Ed Warren and Lorriane are trying to prove the court the defense's innocence based upon the defendant's claim of demonic possession:

Ed Warren: So, what now? We've never had to prove a possession after the fact.

Lorriane: Demons don't just disappear like this.

What does "the fact" refer to?

  • It's after the fact/act/state of being possessed. Slightly weird "pseudo-legalese" phrasing. I assume the context is that previously, they've only ever had to prove that someone is possessed, not was possessed in the past. Commented Jul 13, 2021 at 15:46
  • 1
    It's part of the phrase after the fact.
    – stangdon
    Commented Jul 13, 2021 at 16:39
  • "After the fact" is really a mistranslation of the latin phrase "ex postfacto", which actually means something more like "from after it was done". It isn't related to 'fact' meaning a true statement. Commented Jul 13, 2021 at 18:52

1 Answer 1


"After the fact" is an idiom meaning "after the event occurred".
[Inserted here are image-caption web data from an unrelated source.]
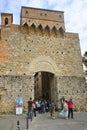 Tourists pass through the San Giovanni gate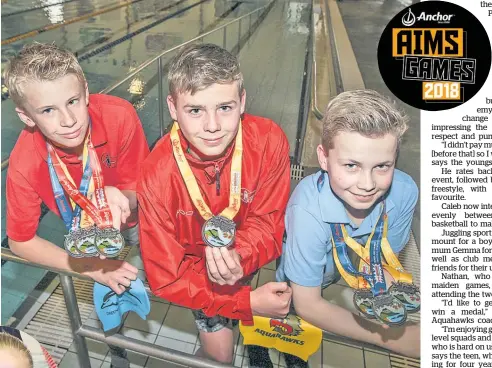  ?? Photo / Paul Taylor ?? Caleb Carlisle (left), 13, Nathan Stone, 13, Ryan Hurley, 12, and Olivia Wellington, 13 (inset), are back from the Aims Games in the Bay of Plenty with their medals.
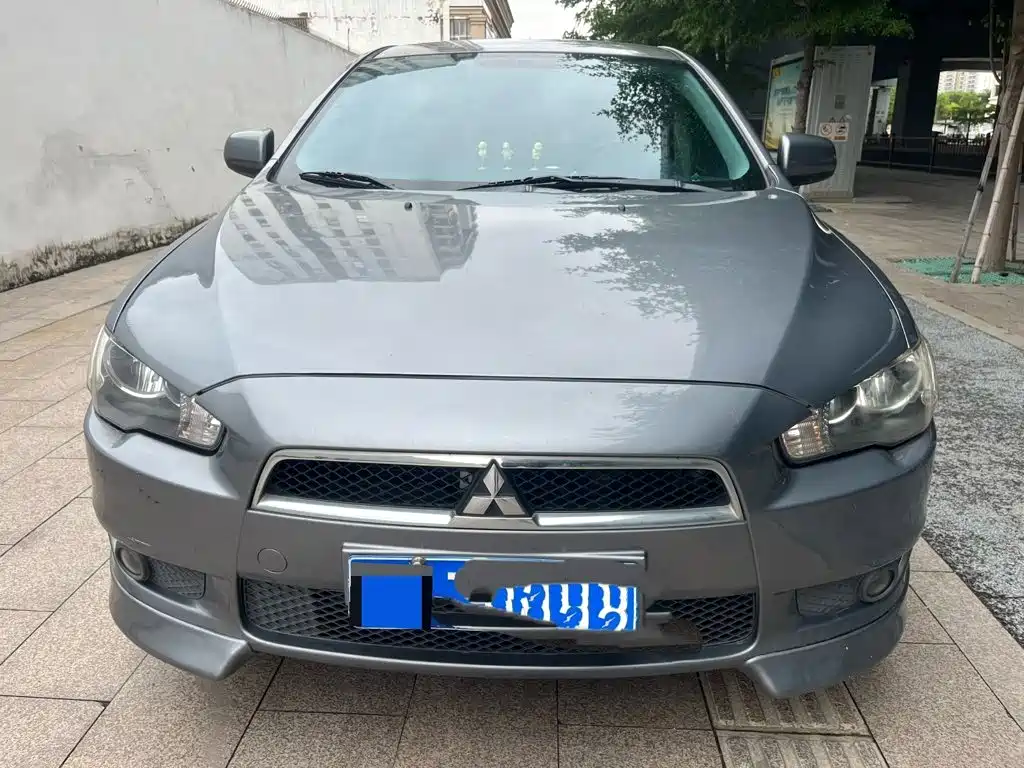 Mitsubishi Lancer EX 2010 — фото 2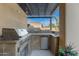 This covered outdoor kitchen features stainless steel grill and prep area with a refrigerator and granite counters at 2799 E Jade Pl, Chandler, AZ 85286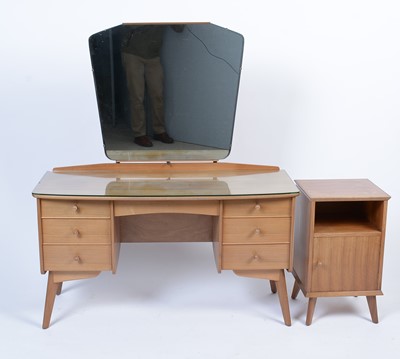 Lot 25 - Alfred Cox for A.C. Furniture: a mid Century teak and walnut bedroom suite.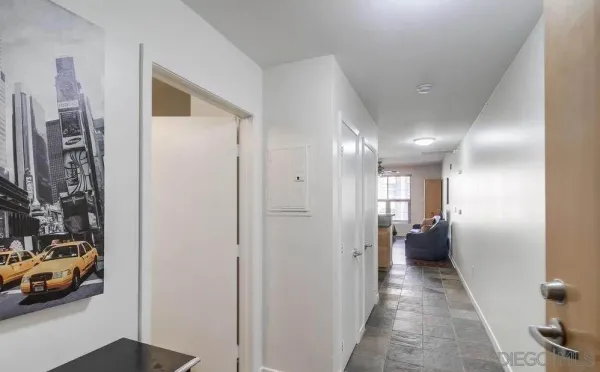 a view of a hallway with wooden floor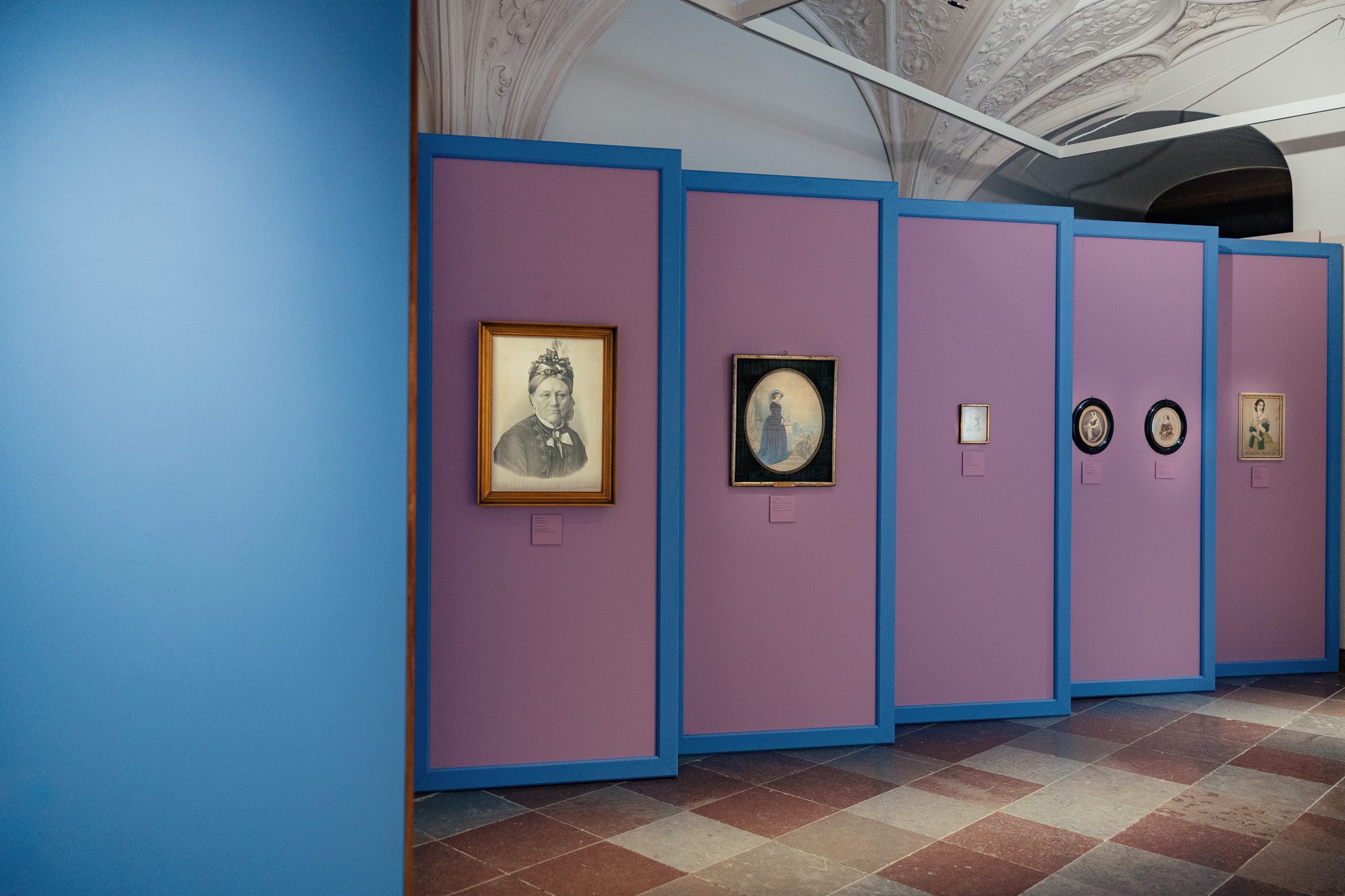 Danner af Danmark, row of pink panels with portraits of Countess Danner's many faces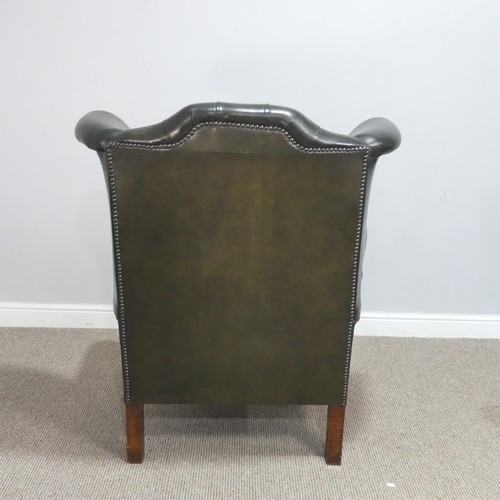 672 - A 20th century green Chesterfield style wingback Armchair, W 92 cm x H 108 cm x D 85 cm....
Like if you say, "The boss gave his approval after the fact", that means he approved it after it was already done, rather than giving permission in advance.

In this case, I'd have to see more context, but I'd guess that Mr Warren is saying that it would be difficult enough to prove that someone is demon-possessed at the time that you are claiming that they are possessed. Trying to prove it after the (alleged) demon has left them and they are no longer possessed would be extremely difficult.